PROBLEM REQUIREMENTS: From the material below, retype exactly the lines that begin at the line with "Hello everyone. Today" and end after the line with "We'll go down"; pictures stay out of the copy.

START SOURCE RECORDS

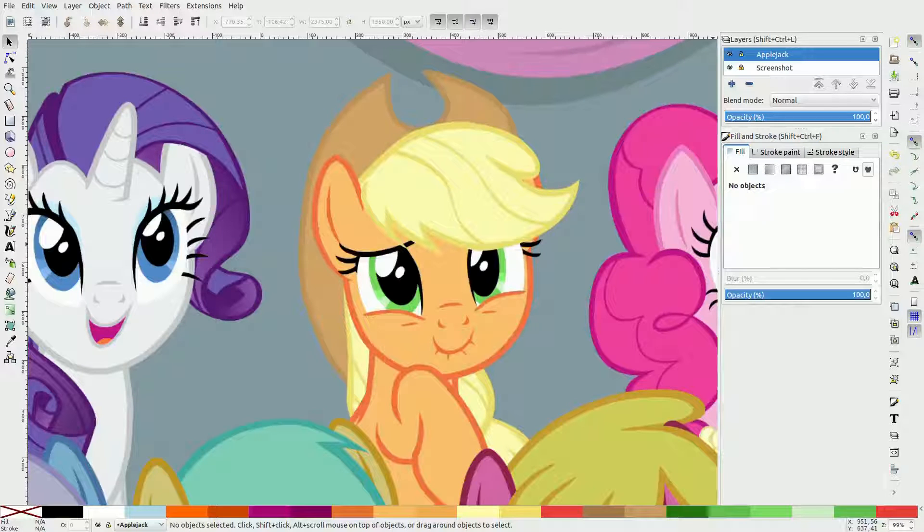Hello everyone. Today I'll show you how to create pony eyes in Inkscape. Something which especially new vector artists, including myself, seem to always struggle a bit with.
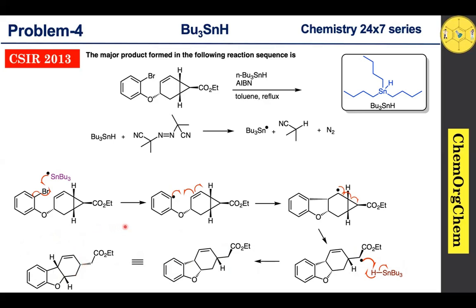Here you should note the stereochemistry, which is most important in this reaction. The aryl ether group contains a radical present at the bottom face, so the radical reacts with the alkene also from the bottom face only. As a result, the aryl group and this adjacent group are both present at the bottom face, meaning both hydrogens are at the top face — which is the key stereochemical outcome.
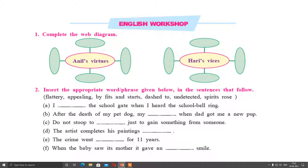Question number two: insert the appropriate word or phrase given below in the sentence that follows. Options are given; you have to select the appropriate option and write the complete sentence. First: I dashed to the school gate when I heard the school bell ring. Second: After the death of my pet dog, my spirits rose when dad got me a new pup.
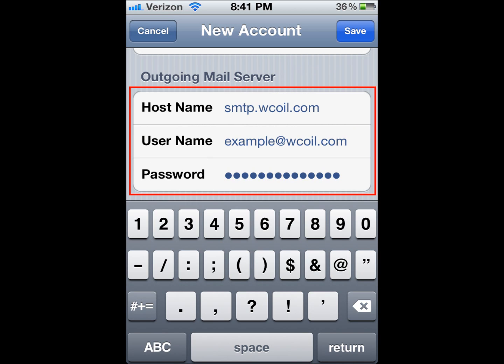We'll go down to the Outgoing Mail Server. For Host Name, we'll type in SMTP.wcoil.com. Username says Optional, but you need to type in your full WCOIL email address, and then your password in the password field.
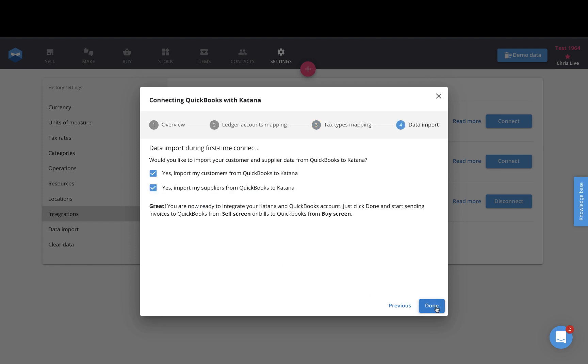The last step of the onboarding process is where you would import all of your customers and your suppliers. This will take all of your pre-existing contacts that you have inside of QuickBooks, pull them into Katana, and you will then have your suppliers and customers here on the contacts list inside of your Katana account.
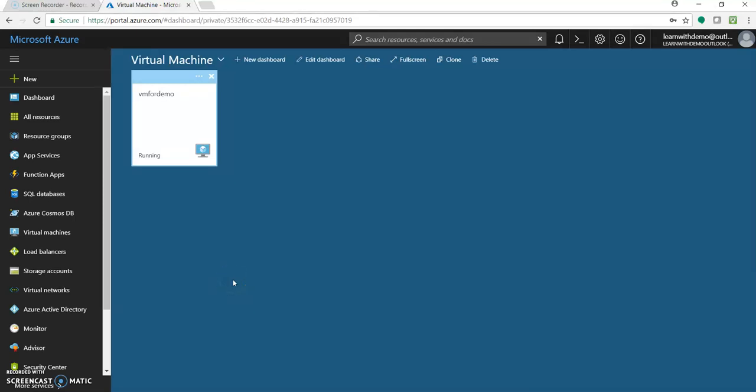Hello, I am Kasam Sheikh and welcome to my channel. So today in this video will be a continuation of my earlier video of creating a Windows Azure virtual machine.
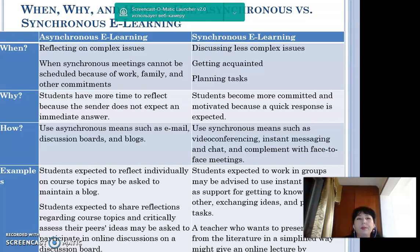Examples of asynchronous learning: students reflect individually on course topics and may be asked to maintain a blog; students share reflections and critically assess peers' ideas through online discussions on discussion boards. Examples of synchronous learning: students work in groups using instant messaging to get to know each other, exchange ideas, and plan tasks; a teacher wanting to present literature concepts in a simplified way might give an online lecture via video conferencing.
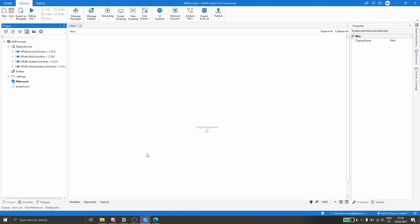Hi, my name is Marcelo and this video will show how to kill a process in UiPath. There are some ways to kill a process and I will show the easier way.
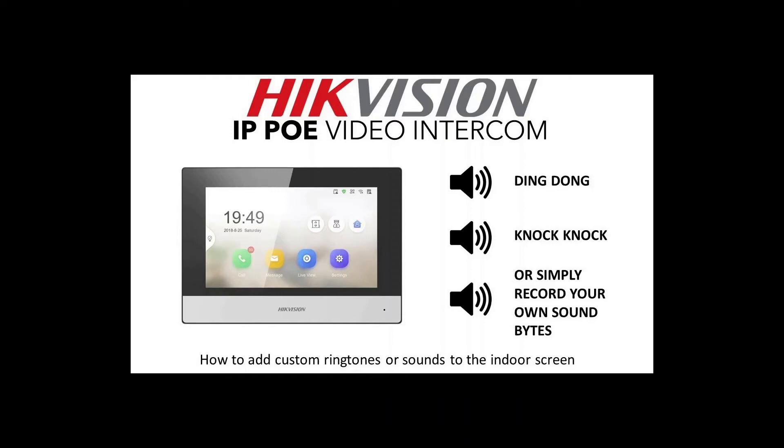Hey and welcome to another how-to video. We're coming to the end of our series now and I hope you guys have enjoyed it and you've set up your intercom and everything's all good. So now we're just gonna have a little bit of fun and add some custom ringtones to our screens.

END SOURCE RECORDS
START SOURCE RECORDS

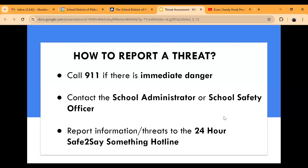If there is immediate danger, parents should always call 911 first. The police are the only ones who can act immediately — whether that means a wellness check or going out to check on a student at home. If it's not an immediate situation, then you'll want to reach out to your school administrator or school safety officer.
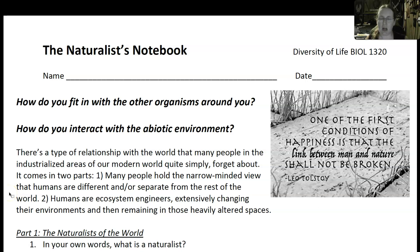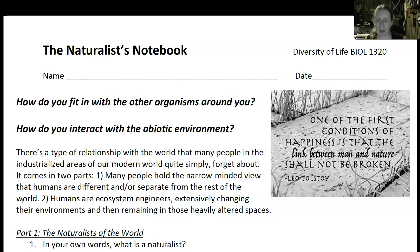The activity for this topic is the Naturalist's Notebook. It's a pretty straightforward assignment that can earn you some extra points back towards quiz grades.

END SOURCE RECORDS

WRITTEN REPLY:
Hello everyone. Today I'll show you how to create pony eyes in Inkscape. Something which especially new vector artists, including myself, seem to always struggle a bit with.
Here you should note the stereochemistry, which is most important in this reaction. The aryl ether group contains a radical present at the bottom face, so the radical reacts with the alkene also from the bottom face only. As a result, the aryl group and this adjacent group are both present at the bottom face, meaning both hydrogens are at the top face — which is the key stereochemical outcome.
Question number two: insert the appropriate word or phrase given below in the sentence that follows. Options are given; you have to select the appropriate option and write the complete sentence. First: I dashed to the school gate when I heard the school bell ring. Second: After the death of my pet dog, my spirits rose when dad got me a new pup.
We'll go down to the Outgoing Mail Server. For Host Name, we'll type in SMTP.wcoil.com. Username says Optional, but you need to type in your full WCOIL email address, and then your password in the password field.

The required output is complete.